# Titanic Survival Classification – Data Preparation

## 1. Setup and Data Load
## 2. Initial Exploration
## 3. Preprocessing
## 4. Feature and Target Selection
## 5. Save Cleaned Data (Optional)

In [None]:
import pandas as pd

# Load Titanic dataset
file_path = 'data/titanic.csv'  # adjust if needed
titanic_data = pd.read_csv(file_path)

In [None]:
# View basic dataset shape
print("Shape:", titanic_data.shape)

# Preview column names
print("\nColumns:")
print(titanic_data.columns.tolist())

# Show first few rows
print("\nTop rows:")
print(titanic_data.head())

# Summary statistics
print("\nSummary statistics:")
print(titanic_data.describe(include='all'))

# Check for missing values
print("\nMissing values per column:")
print(titanic_data.isnull().sum())

Initial inspection shows several columns with missing values (e.g., Age, Cabin). We'll decide how to handle them based on model needs.

In [None]:
# Drop columns unlikely to help with classification or too incomplete
titanic_data = titanic_data.drop(columns=['Cabin', 'Ticket', 'Name'])

# Drop rows with missing target ('Survived') or critical features
titanic_data = titanic_data.dropna(subset=['Survived', 'Embarked'])

# Fill missing Age with median
titanic_data['Age'] = titanic_data['Age'].fillna(titanic_data['Age'].median())

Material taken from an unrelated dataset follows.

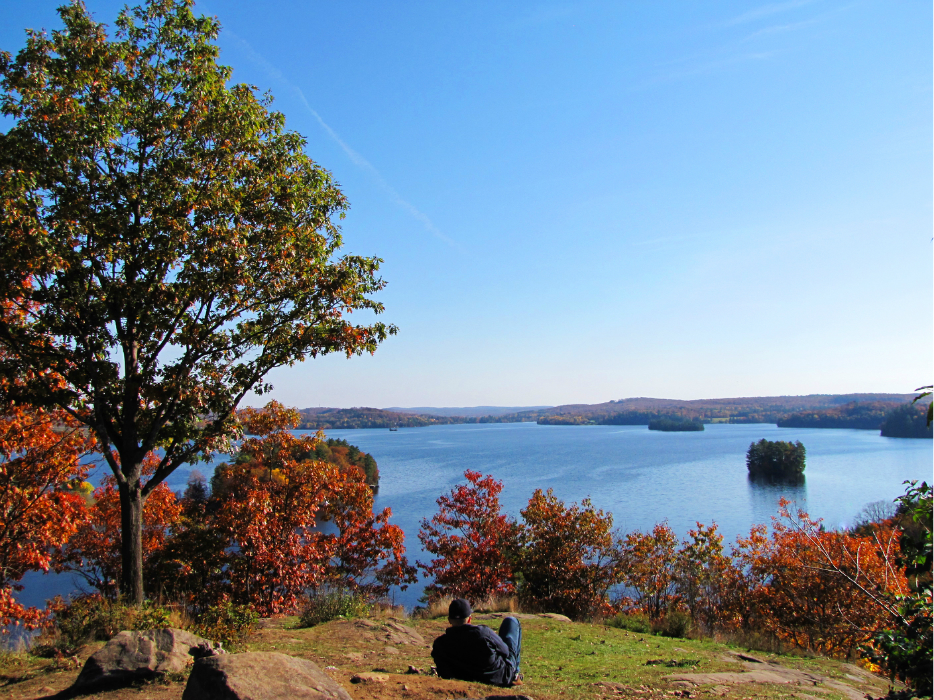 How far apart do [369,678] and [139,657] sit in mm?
2265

# Encode 'Sex' and 'Embarked'
titanic_data['Sex'] = titanic_data['Sex'].map({'male': 0, 'female': 1})
titanic_data['Embarked'] = titanic_data['Embarked'].map({'S': 0, 'C': 1, 'Q': 2})

In [None]:
# Define target and features
y = titanic_data['Survived']

feature_names = ['Pclass', 'Sex', 'Age', 'SibSp', 'Parch', 'Fare', 'Embarked']
X = titanic_data[feature_names]

print(X.head())
print(y.head())

In [None]:
# Save cleaned data
titanic_data.to_csv('data/titanic_cleaned.csv', index=False)

## Notes – Day 4

- Loaded Titanic dataset and explored structure and missing values.
- Dropped irrelevant columns (Name, Ticket, Cabin).
- Filled missing Age values with median, dropped missing Embarked rows.
- Encoded 'Sex' and 'Embarked' for modeling.
- Selected 7 features to use in classification modeling tomorrow.
- Dataset is clean and ready for training.

## Day 5 – Train/Test Split and Decision Tree Classification

Today’s goal is to train a DecisionTreeClassifier to predict Titanic survival.  
We'll evaluate its accuracy and interpret the model using a confusion matrix, precision, and recall.

In [None]:
import pandas as pd
from sklearn.model_selection import train_test_split
from sklearn.tree import DecisionTreeClassifier
from sklearn.metrics import accuracy_score, confusion_matrix, precision_score, recall_score

In [None]:
titanic_data = pd.read_csv('data/titanic_cleaned.csv')

y = titanic_data['Survived']
feature_names = ['Pclass', 'Sex', 'Age', 'SibSp', 'Parch', 'Fare', 'Embarked']
X = titanic_data[feature_names]

In [None]:
train_X, val_X, train_y, val_y = train_test_split(X, y, random_state=1)

In [None]:
model = DecisionTreeClassifier(random_state=1)
model.fit(train_X, train_y)

In [None]:
val_predictions = model.predict(val_X)
accuracy = accuracy_score(val_y, val_predictions)
print(f"Validation Accuracy: {accuracy:.3f}")

In [None]:
cm = confusion_matrix(val_y, val_predictions)
precision = precision_score(val_y, val_predictions)
recall = recall_score(val_y, val_predictions)

print("Confusion Matrix:\n", cm)
print(f"Precision: {precision:.3f}")
print(f"Recall: {recall:.3f}")

## Day 5 Results – Titanic Classification

- **Model:** DecisionTreeClassifier
- **Validation Accuracy:** 80.3%
- **Confusion Matrix:**

| Actual \ Predicted | 0 (Did Not Survive) | 1 (Survived) |
|--------------------|---------------------|--------------|
| **0 (Did Not Survive)** | 113                 | 25           |
| **1 (Survived)**         | 19                  | 66           |

- **Precision:** 72.5% – Of the predicted survivors, 72.5% actually survived.
- **Recall:** 77.6% – The model correctly identified 77.6% of the actual survivors.

### Interpretation

- The model performs reasonably well out of the box.
- Slight bias toward predicting non-survivors (class 0), but catches most real survivors.
- Future improvements could include:
  - Trying a `max_depth` limit to reduce overfitting.
  - Testing a RandomForestClassifier for better generalization.
  - Exploring class imbalance solutions (e.g. balanced weights).